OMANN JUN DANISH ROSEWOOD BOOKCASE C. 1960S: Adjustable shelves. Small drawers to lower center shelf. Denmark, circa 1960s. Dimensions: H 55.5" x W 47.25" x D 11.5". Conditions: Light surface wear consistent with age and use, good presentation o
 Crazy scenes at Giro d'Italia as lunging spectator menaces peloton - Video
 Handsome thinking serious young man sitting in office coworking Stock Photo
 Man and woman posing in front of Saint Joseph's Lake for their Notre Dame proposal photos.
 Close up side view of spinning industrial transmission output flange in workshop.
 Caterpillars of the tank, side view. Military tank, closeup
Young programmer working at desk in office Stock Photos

──────────

- Task details
Whichever lines of the material hold the word "Stock", find and copy them.

- Your response
 Handsome thinking serious young man sitting in office coworking Stock Photo
Young programmer working at desk in office Stock Photos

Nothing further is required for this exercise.